The pricing is more on par with Digital Ocean/Linode.
Maybe, just maybe, I want to use LVM or something entirely unknown to them. Not necessarily in a privacy sense, but control.
Take the recent Lichess downtime, for example. Their main server had a hardware issue that required physical intervention. This meant the site was down for over 10 hours, and there wasn't much they could do except wait for OVH to send a tech.
If Lichess had been on AWS, the provider would have automatically moved their workload to a functioning server, and the outage would have been much shorter or possibly avoided altogether.
For Lichess, a non-profit, this tradeoff still make sense. Their service, while important to its users, isn't critical. Nobody dies if Lichess is down and the cost savings help them keep running. But if your business can't afford downtime, the extra guarantees from a public cloud provider can definitely be worth paying for.
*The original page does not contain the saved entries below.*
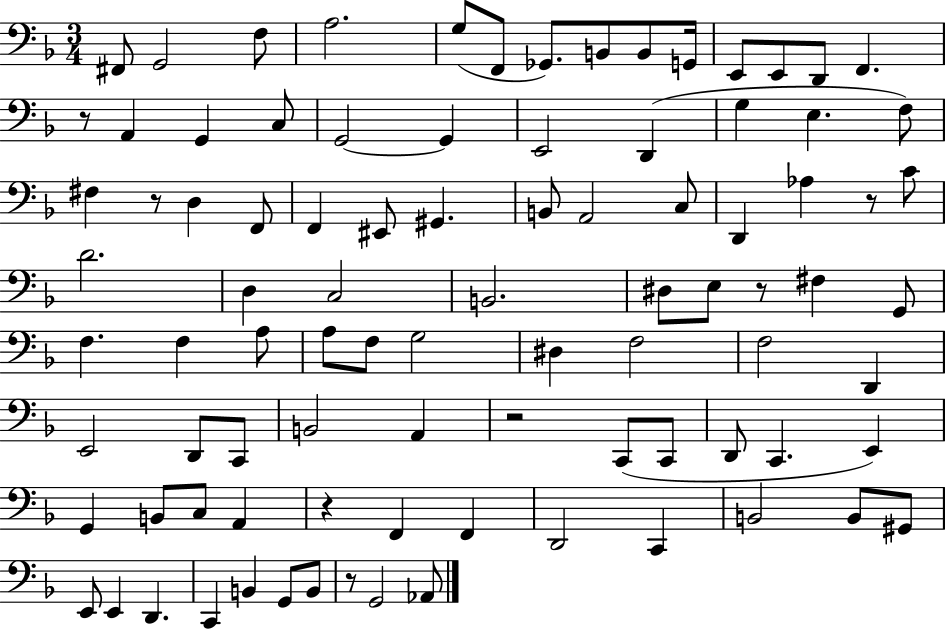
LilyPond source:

{
  \clef bass
  \numericTimeSignature
  \time 3/4
  \key f \major
  \repeat volta 2 { fis,8 g,2 f8 | a2. | g8( f,8 ges,8.) b,8 b,8 g,16 | e,8 e,8 d,8 f,4. | \break r8 a,4 g,4 c8 | g,2~~ g,4 | e,2 d,4( | g4 e4. f8) | \break fis4 r8 d4 f,8 | f,4 eis,8 gis,4. | b,8 a,2 c8 | d,4 aes4 r8 c'8 | \break d'2. | d4 c2 | b,2. | dis8 e8 r8 fis4 g,8 | \break f4. f4 a8 | a8 f8 g2 | dis4 f2 | f2 d,4 | \break e,2 d,8 c,8 | b,2 a,4 | r2 c,8( c,8 | d,8 c,4. e,4) | \break g,4 b,8 c8 a,4 | r4 f,4 f,4 | d,2 c,4 | b,2 b,8 gis,8 | \break e,8 e,4 d,4. | c,4 b,4 g,8 b,8 | r8 g,2 aes,8 | } \bar "|."
}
If you not a HN person with systemadmin skills yes. But is NOT that hard to have in house RADI hd setup, with failover server. Or failover NAT gateway. AWS and cloud provider are just a rip off.
Lichess admins are highly skilled and I'm sure they already have a well designed infrastructure. You can see what they use at https://docs.google.com/spreadsheets/d/1Si3PMUJGR9KrpE5lngSk...
The issue was on a network equipment that they didn't even manage. You can't load balance when your core network is down. There was nothing they could do as I understand it.
More details at: https://lichess.org/@/Lichess/blog/post-mortem-of-our-longes...
OPs comment is valid - physical servers might incur downtime.
But I do agree with your sentiment. "Downtime" is not an argument which should tilt the discussion towards either physical servers or the cloud. AWS data centers famously also have outages, while physical servers often have uptimes of multiple years. So what's better? It's hard to tell, but at the very least, none of these solutions is downtime-free.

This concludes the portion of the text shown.